Although Vancouver is a city, it offers numerous worthwhile and free hikes. Cypress Mountain includes three mountains – Black Mountain, Mount Strachan and Hollyburn Mountain – all offering jagged peaks, sub alpine lakes, meadows and some of the oldest trees in British Columbia. There’s also the extremely challenging Grouse Grind (pictured right). While only 1.8 miles one way, it goes uphill at a steep incline. Hikers gain an elevation of 2,800 feet and climb 2,830 stairs. Luckily, you can ride the Skyride down if you prefer, although this will cost you $10. For an easy hike, trek from Vanier Park to Spanish Banks Beach. The roads are paved, and you’ll pass through Kitsilano Beach, Jericho Beach and Locarno Beach. Which brings us to our next budget-friendly Vancouver option.


Hit The Beach

Although a city, Vancouver has numerous beaches. In fact, almost 11 miles of beaches surround the city, including ocean beaches and one freshwater lake. Along with the ones previously mentioned, some other worthwhile ones include English Bay Beach, Second Beach, Third Beach and Trout Lake Beach.

First Nations Art

Browsing First Nations artwork can make for an informative and budget-friendly day. The most well known piece of First Nations artwork in Vancouver resides in Stanley Park in the form of totem poles. Each totem pole tells true and mythical stories from the First Nations people. The original totem poles were brought over in the late 1800s from Vancouver Island and the Queen Charlotte Islands, but are now placed in museums. However, they’ve been replaced by new totem poles that replicate the originals. Supposedly, they are the most visited sight in British Columbia. There are also various galleries around the city showcasing this type of art, like the Coastal Peoples Fine Arts Gallery, the Inuit Gallery of Vancouver and the Marion Scott Gallery. drinks

Take Advantage Of Bar Specials

Because of their liquor laws, British Columbia doesn’t technically have happy hour. Just because they can’t discount drinks by the hour, however, doesn’t mean their bars don’t offer great deals. My top picks include:

  • Rogue Kitchen & Wet Bar- This Gastown bar offers The “Don’t Care” glass of Red or White for $4.99. As they say on the website, it’s a glass to get the job done.
  • Hapa Hour at Hapa Izakaya- Located in Coal Harbour, this bar offers $5 glasses of wine, $4 beers and half-price tapas from 3 p.m. to 6 p.m., Monday through Friday.
  • Local Public Eatery- This waterfront venue located across from Kitsilano Beach offers $4 glasses of red and white wine.

Know Where To Eat

Samurai Sushi on Davie Street is a local favorite, not only because it’s delicious, but because you get heaping portions for a small price. The nearby Stephos Souvlaki Greek Tavern does the same, but for Greek food. At Medina Cafe, you can order a waffle with your choice of topping for less than $5. If you’d like a large selection of artisanal eats for cheap, check out the Granville Island Public Market, with stalls featuring cheeses, meats, jams, baked goods, fruits and more.

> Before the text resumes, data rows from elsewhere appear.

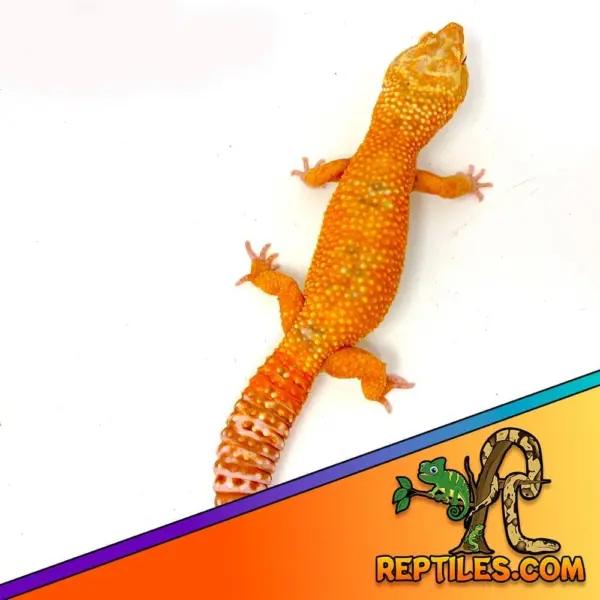 Tangelo leopard gecko price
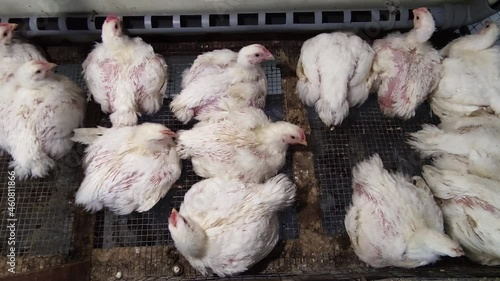 Broiler chickens in a cage photo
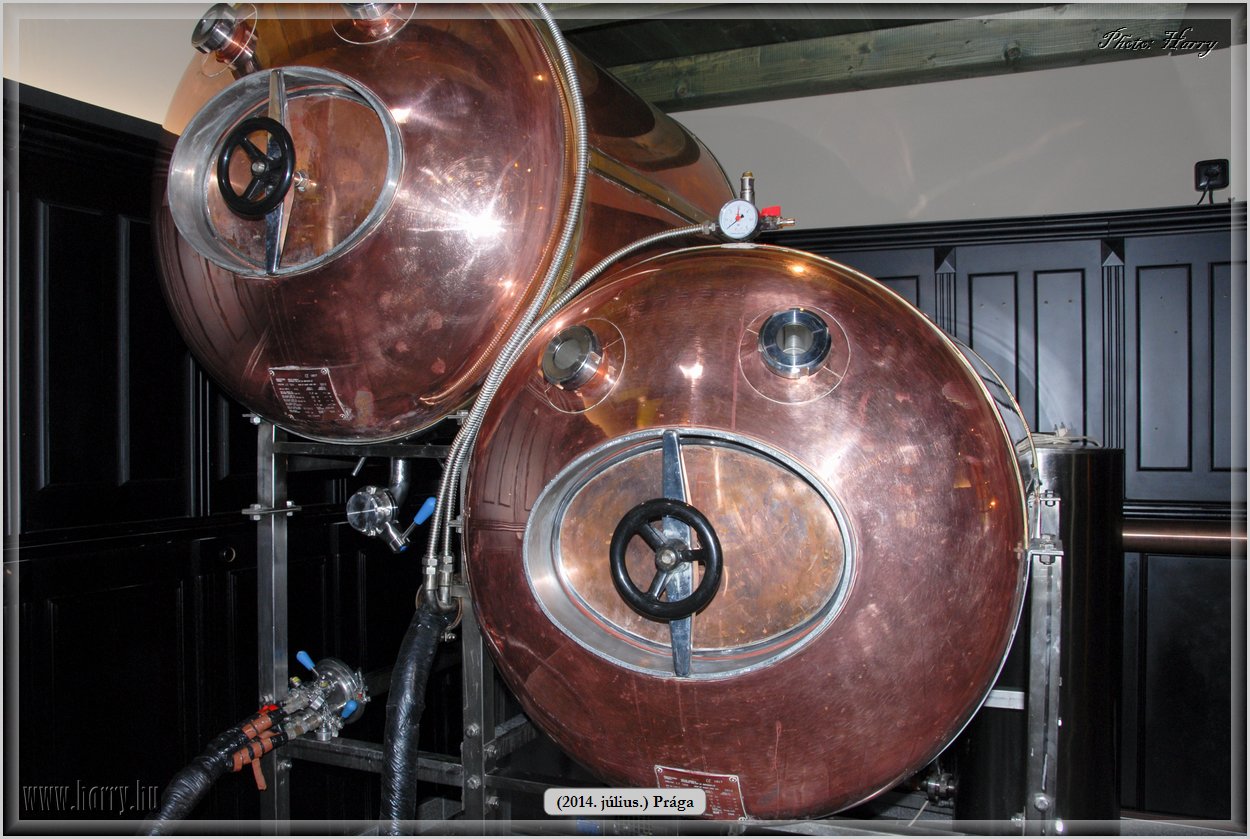 (2014.07.09.)Praga-0012.jpg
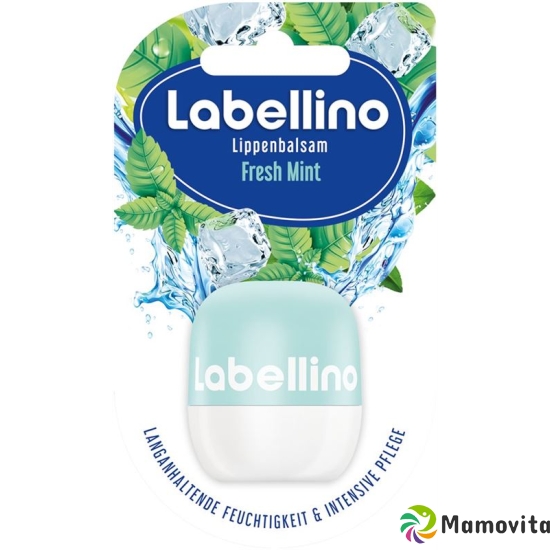 Labello Labellino Fresh Mint 7g buy online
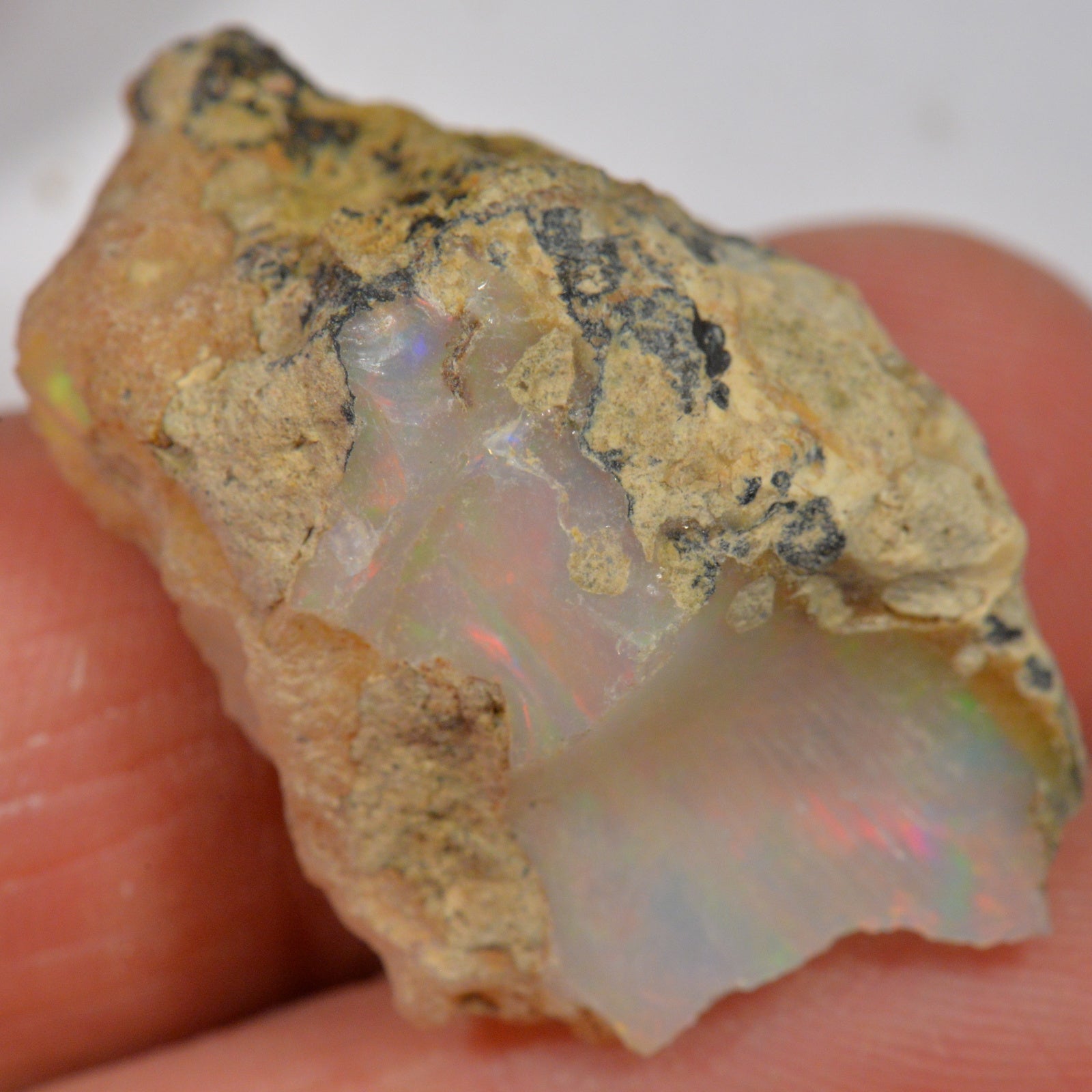 30.5 Karat - Roher Äthiopischer Welo Opal - DeinOpal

Take Advantage Of Free Samples

At the Public Market in Granville Island you’ll often find vendors giving out free samples of their products. Cobs Bread is another venue often giving away free samples of made-from-scratch goodies. Additionally, Rogers’ Chocolates, the oldest chocolate shop in Canada since 1885, will hand out samples of freshly made maple chocolates and other treats. BC Liquor Stores often give free tastings on weekends when sales reps are there, and at Swirl Wine Store you can try complimentary tastings daily.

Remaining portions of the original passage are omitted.